Son dossier paru le 22 avril dernier sur l’activité criminelle classée par nationalité a fait tomber les réactions en pluie sur Le Progrès : dépôts de plainte de la part d’associations, articles de presse cinglants, caricatures humiliantes. Mais aussi, plus discrète, l’annulation d’une participation de 17000 euros de la région Rhône-Alpes à la soirée « Diversité et Entreprises », un événement organisé par le quotidien régional avec remises de trophées.
« Un vrai lynchage ». Les termes sont revenus chez de nombreux journalistes du Progrès, dépités non seulement par l’infographie qu’ils ont découverts le mardi 22 avril au matin dans leur journal, mais aussi par la salve d’articles acides, de caricatures qui ont circulé sur les réseaux le jour-même puis les suivants.
Au lendemain de la crise, la porte d’entrée du journal, situé à Confluence, a été taguée. La voiture d’un commercial, floquée « Le Progrès », a aussi été dégradée.
Aucun journaliste n’a échappé aux explications avec ses interlocuteurs. Aux coups de fil.
La Une du journal du 22 avril était intitulée « Délinquance, criminalité organisée, qui fait quoi dans le Rhône ? » et consacrait donc un dossier à un classement des crimes et délits commis dans le département, en fonction de « nationalités impliquées », réalisé à partir d’un rapport Sirasco de la police judiciaire et d’échanges entre la journaliste fait-diversière et ses habituels interlocuteurs, police/gendarmerie.
Une infographie accompagnait le tout. Absurde, elle intégrait dans la catégorie nationalités des « Roms », des « toxicomanes », des gens venus « des cités de Marseille », des « Africaines »… Auxquels étaient donc attribuées des spécialités telles que les cambriolages, la prostitution, les vols de ferraille…
Dans la journée, Florian Philippot, vice-président du Front national, twitte un gros « bravo » au Progrès.
Se faire un canard de PQR
Une autre promo aussi inattendue, non souhaitée, qu’immanquable, est venue achever, comme un coup de grâce, cette journée noire pour la rédaction du quotidien local.
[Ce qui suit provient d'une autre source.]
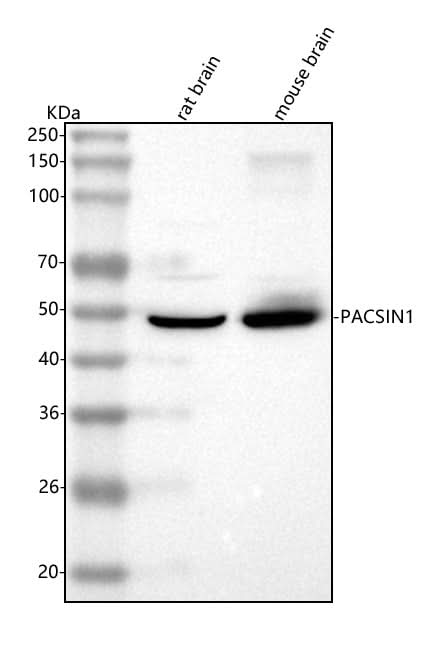 Anti-PACSIN1 Antibody Picoband® Boster Bio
Le Petit Journal de Canal + consacre à « l’affaire du Progrès », le soir-même de la publication de l’article, un reportage plutôt long, se terminant par une parodie humiliante. Avec une légère pointe de mépris déversé depuis Paris sur cette presse locale.
Jean-Claude Lassalle, directeur délégué au Progrès, en charge notamment des partenariats, est quelque peu amer : « On considère que ce qui s’est passé est très injuste. Il peut y avoir une erreur, dont le rédacteur en chef s’est d’ailleurs excusé. On continue à tracer sereinement notre route, celle de l’info, du respect de la diversité, parce qu’on considère que c’est une chance. On est le seul journal à avoir lancé une opération de valorisation de la diversité ».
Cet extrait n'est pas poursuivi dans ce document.